Joel Kotkin writes The Three-Headed Democratic Party in New Geography:

Excerpts:

Today we can speak really of three Democratic parties, each with a separate class interest. Their divisions are as deep, perhaps more so, as that between the mainstream Republican Party and the Tea Party. As the Republicans are divided between Main Street grass-roots activists and the corporate “moderate” wing, the Democrats face potential schisms over a whole series of policies, from policing Wall Street to the environment, monetary policy and energy.

The Gentry Liberals

This group currently dominates the party, and have the least reason to object to the current administration’s performance. All in all, the gentry have generally done well in the recovery, benefiting from generally higher stock and real estate prices. They tend to reside in the affluent parts of coastal metropolitan areas, where Democrats now dominate.

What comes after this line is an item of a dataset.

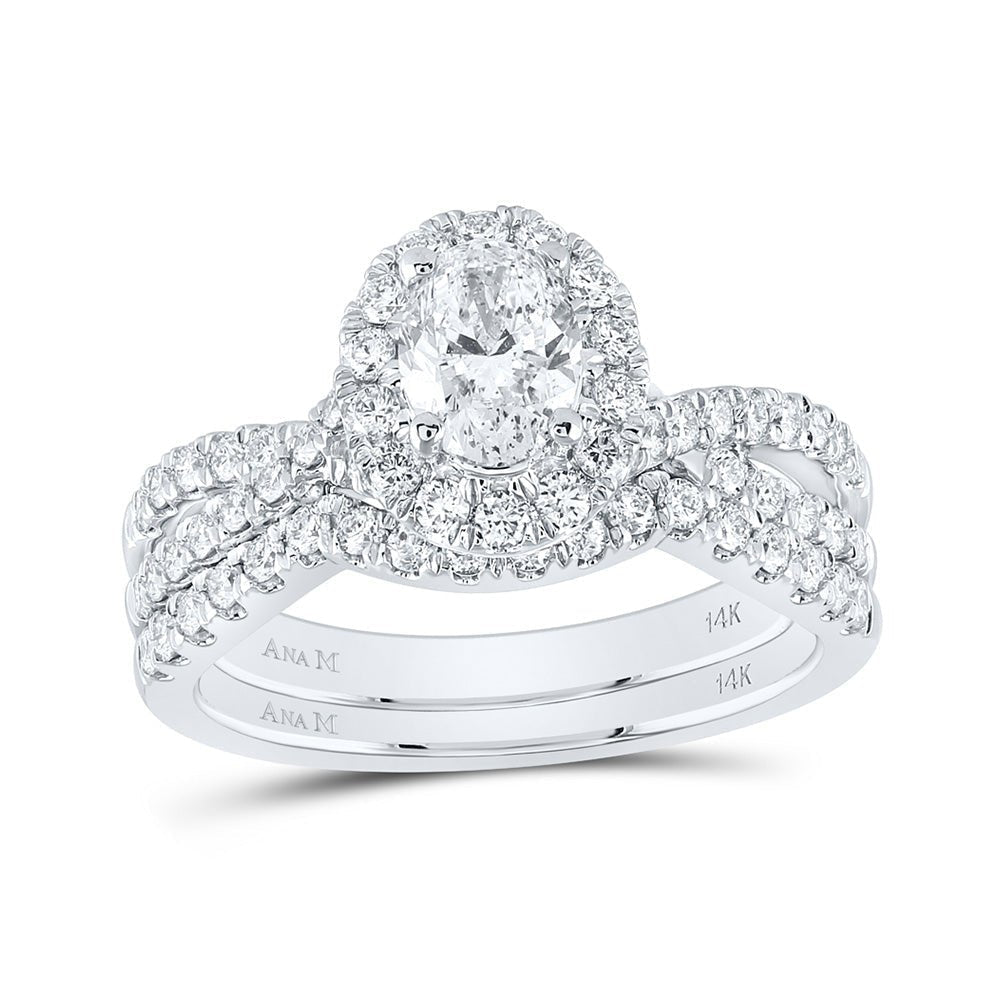 Eternal Brilliance 14kt White Gold Oval Diamond Halo Bridal Wedding Ring Band Set 1 - 1/2 Cttw - Splendid Jewellery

The liberal gentry have been prime beneficiaries of key Obama policies, including ultra-low interest rates, the bailout of the largest financial institutions and its subsidization of “green” energy. Wall Street Democrats also profit from the expansion of government since, as Walter Russell Mead points out, so many make money from ever-expanding public debt.

The Populist Progressives

Many more traditional left-leaning members of the Democratic Party – whom I would call the populist progressives – recognize that the Obama years have been a disaster for much of the party’s traditional constituencies, notably, minorities. Although the nation’s increasingly wide class divides and stunted upward mobility has been developing for years, they have widened ever more under Obama, as the wealthy and large corporations have enjoyed record prosperity.

Although too loyal to openly abandon the first black president, and perhaps too terrified of the Republicans, the populist Left sees Barack Obama as unnecessarily timid in pursuing the war against the hated “1 percent.”

The Old Social Democrats

Ironically, the weakest part of the Democratic Party is also the last bastion of traditional American liberalism. The old Democrats are the remnants of the great political party that produced the likes of Andrew Jackson, Harry Truman, and, to some extent, even Bill Clinton. Unlike the other party factions, this group can appeal consistently to the middle and working classes, including the famous “Bubba” vote. Unlike the gentry, or the coastal new populists, they tend to be relatively moderate on social issues.

This group is the most closely associated with private-sector labor, manufacturing and areas dependent on fossil-fuel production. Long dependent on white working-class voters, they are the most threatened by the increasingly hostile attitudes among them to President Obama and his gentry liberal regime. Already, some building trade unions in Ohio, angry about delays on the Keystone XL pipeline and other infrastructure projects, have even shifted toward the GOP.

HKO

I have contended that the two party designations poorly describes the political landscape for most voters.  The two parties are actually two coalitions of varied and often conflicting interests.  I have, struggled to identify distinctly the various factions of the parties.  This article is a good start.